GBP対主要通貨チャート(TradingView提供)
英ポンドはアジア市場序盤から小幅に下落していたが、インフレ統計の軟調な結果を受けて急落した。GBP/USDは発表後1時間で最大0.8%下落し1.3315ドルまで落ち込み、約1か月ぶりの大幅な一日下落幅を記録した。
この動きは広範に及び、インフレ予想の未達により英中央銀行(BOE)のハト派姿勢への期待が強まったため、GBPは主要通貨全てに対して弱含んだ。特に米ドルや商品関連通貨である豪ドル、ニュージーランドドル、カナダドルに対して下落幅が顕著だった。トレーダーが利下げ予想を急激に見直したため、スワップ市場は木曜日の利下げをほぼ確実視する方向に動いた。

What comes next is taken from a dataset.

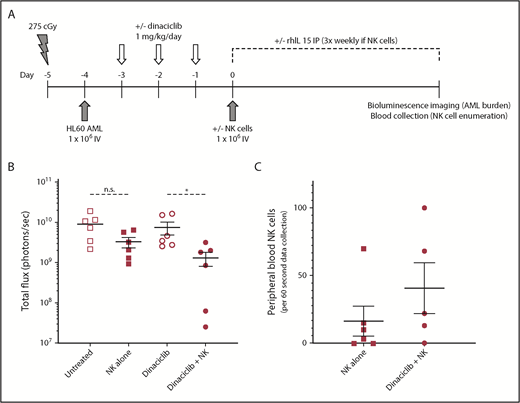 Figure 2. Dinaciclib enhances NK-cell killing of leukemic target cells in human AML cell line xenograft mice. NSG mice were conditioned, engrafted with luciferase-expressing HL60 AML cells, and then treated with dinaciclib and/or enriched primary human NK cells from healthy donors as outlined (A). Mice that received human NK cells also received 5 µg of recombinant human IL15 (rhIL15) 3 times per week. Leukemic burden was analyzed by bioluminescent imaging (B) and peripheral blood was obtained to enumerate human NK-cell numbers (human CD45+CD3−CD56+ cells) (C) at 28 days after NK-cell injection. Error bars represent mean ± standard error of the mean. *P < .05 using a paired Student t test corrected for multiple comparisons. IP, intraperitoneally; n.s., nonsignificant P value.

ポンドは一時的な売りが一巡した後、反発したが、ロンドン市場午前中は圧力が継続した。英国国債はデータ発表で上昇し、10年物利回りは7ベーシスポイント低下して4.45%となった。これは金利差がポンドに対してさらに拡大したことを示している。
急落したものの、インフレ予想の大幅な下振れ規模を考慮すれば反応は比較的抑制されていた。労働統計の弱さから失業率が5.1%に上昇したことで、週前半に下落幅の大半は既に織り込まれており、新たなパニック売りの余地は限られていた。
終値時点では、ポンドは主要通貨ペアで概ね軟調だったが、相対的に弱い豪ドルと日本円に対しては上昇した。この持続的な軟調さは、市場がインフレの予想外の下振れを、2026年に向けたイングランド銀行(BOE)のより積極的な金融緩和路線の確証と見なしていることを示唆している。食品、コア財、サービス部門全体でデフレ圧力が顕在化している。